原本哈里森港還有一位法官,但八年前他在暴風雨中倒霉地被一只從天而降的鐵甲鯊創死,而繼任者等了三年帝國的任命文書,卻始終沒有下達,于五年前憤而出城,行蹤不明,大概是被土著或野獸一口吃了,如今只能無奈地由格蘭特子爵兼任。
這不合乎規范,但也沒有更好的辦法。

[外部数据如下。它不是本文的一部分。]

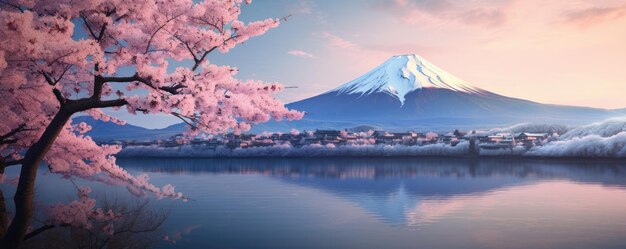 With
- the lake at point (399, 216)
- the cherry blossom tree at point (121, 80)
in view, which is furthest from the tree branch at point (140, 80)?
the lake at point (399, 216)

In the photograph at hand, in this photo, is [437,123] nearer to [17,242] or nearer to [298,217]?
Result: [298,217]

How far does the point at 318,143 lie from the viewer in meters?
116

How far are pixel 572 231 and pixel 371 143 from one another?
94.8 metres

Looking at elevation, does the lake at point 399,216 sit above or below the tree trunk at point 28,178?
below

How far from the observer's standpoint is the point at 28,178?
8023 mm

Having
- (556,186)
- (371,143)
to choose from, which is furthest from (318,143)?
(556,186)

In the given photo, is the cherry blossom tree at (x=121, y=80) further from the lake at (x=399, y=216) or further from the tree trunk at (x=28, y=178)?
the lake at (x=399, y=216)

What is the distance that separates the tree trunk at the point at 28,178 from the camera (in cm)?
792

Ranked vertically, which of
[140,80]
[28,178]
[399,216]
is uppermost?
[140,80]

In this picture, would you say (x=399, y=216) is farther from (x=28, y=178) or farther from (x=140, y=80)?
(x=28, y=178)

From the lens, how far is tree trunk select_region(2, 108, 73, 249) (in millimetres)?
7922

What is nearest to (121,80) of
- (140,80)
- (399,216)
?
(140,80)

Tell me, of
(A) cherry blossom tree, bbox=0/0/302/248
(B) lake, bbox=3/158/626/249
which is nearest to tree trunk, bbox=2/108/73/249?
(A) cherry blossom tree, bbox=0/0/302/248

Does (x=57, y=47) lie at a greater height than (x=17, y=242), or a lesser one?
greater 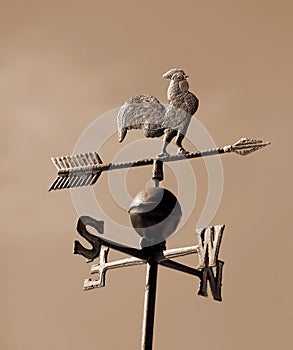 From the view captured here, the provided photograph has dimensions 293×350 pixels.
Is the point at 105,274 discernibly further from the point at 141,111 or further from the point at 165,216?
the point at 141,111

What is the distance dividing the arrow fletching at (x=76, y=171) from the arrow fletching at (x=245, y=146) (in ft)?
1.57

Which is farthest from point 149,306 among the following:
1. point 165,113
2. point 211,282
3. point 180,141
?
point 165,113

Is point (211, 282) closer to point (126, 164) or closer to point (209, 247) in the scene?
point (209, 247)

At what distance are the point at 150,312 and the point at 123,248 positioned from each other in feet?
0.66

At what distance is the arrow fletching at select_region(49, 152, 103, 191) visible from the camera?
2785 mm

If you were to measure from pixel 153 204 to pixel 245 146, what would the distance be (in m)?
0.53

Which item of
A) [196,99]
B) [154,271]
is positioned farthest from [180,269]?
[196,99]

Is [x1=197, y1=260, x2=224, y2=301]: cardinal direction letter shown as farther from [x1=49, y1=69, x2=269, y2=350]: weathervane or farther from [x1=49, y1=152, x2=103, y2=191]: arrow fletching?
[x1=49, y1=152, x2=103, y2=191]: arrow fletching

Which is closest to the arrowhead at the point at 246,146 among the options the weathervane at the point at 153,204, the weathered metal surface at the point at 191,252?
the weathervane at the point at 153,204

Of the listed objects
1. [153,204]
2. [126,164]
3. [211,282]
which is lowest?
[211,282]

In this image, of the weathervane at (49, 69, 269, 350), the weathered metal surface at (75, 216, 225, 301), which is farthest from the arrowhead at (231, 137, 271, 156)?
the weathered metal surface at (75, 216, 225, 301)

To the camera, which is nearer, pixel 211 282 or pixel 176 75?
pixel 211 282

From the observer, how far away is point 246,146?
2744 millimetres

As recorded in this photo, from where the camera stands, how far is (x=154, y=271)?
2.33m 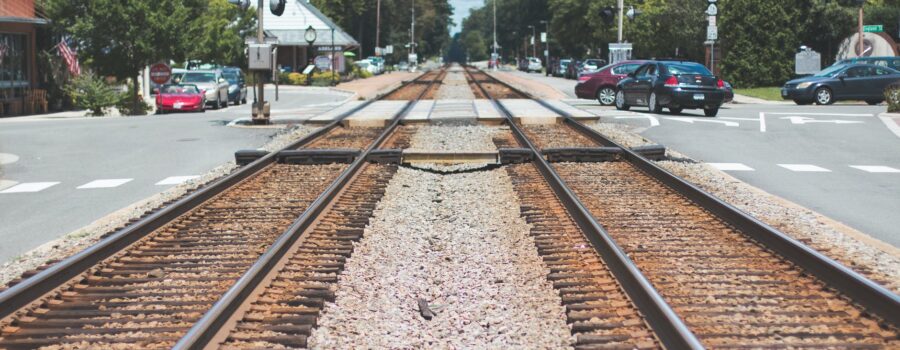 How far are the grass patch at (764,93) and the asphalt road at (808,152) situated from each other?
968 centimetres

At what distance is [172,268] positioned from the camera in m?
7.57

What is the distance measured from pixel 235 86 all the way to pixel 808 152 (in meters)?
27.6

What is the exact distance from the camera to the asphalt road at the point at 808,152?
37.4ft

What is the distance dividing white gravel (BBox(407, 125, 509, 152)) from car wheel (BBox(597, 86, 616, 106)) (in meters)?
11.3

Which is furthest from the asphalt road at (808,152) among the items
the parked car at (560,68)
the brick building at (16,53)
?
the parked car at (560,68)

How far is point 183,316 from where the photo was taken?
6.10 metres

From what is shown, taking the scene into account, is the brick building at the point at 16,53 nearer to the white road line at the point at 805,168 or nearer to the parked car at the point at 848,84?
the parked car at the point at 848,84

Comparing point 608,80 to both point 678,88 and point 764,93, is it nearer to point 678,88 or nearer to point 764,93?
point 678,88

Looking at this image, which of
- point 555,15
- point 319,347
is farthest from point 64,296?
→ point 555,15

不過據說帝都那邊情況有變,或許是因為鯨歌崖和迦南摩爾那邊的貿易需求,帝國中樞再次將目光投注在南方,哈里森港也即將在今年年末,迎來三十年來的頭一次帝國援助。
“土著襲擊,是因為純潔獻祭。”普德長老道,也同樣飲下一杯摻了高濃度蒸餾酒的蜂蜜酒,矮人血統令他更加欣賞這種純粹的刺激。
放下杯后,吐出一口酒氣,普德長老深青色的眸子更加明亮,他對子爵道:“奧森納我很清楚,他不干凈,這臭小子經常偷溜出城和那群野人做交易,吸黑菇,我都看在眼里。”
“他是個壞種,確鑿無疑。但那群野人實在是太過分,他們這次特意潛入城,指定是要求奧森納把家里的兩個孩子給他們當祭品,我們白之民可忍不了這個,為了親人,即便是瘸子也會拼命,這就是這次襲擊的真相。”
“大人,我懇請您看在他這次勇敢對抗紅杉土著的勇氣上,不懲戒他的逾矩,以及能否賜予一些治療精神損傷的熏香和藥劑?這次襲擊中,有年幼的孩子被土著的眠粉影響,后遺癥相當嚴重。”
他以正式的禮儀請求:“白之民會記住您的慷慨。”
總結一晚信息,普德長老已經很接近真相,他并不知道奧森納真正的想法,但在外人面前表現白之民內部的團結與友愛是他的本職工作。
“奧森納和藥的事情好說,他有畸變,沉浸在夢中不稀奇,我也很同情那孩子的遭遇。”
“但是純潔獻祭……”
點點頭,隨口答應這請求,格蘭特子爵其實根本就沒打算懲罰‘奧森納’——他自己偶爾也吸黑菇呢,在帝國貴族圈這根本算不上什么。
至于藥,對他而言不值幾個錢,相較于普德長老為他工作提供的價值來說,更是不值一提。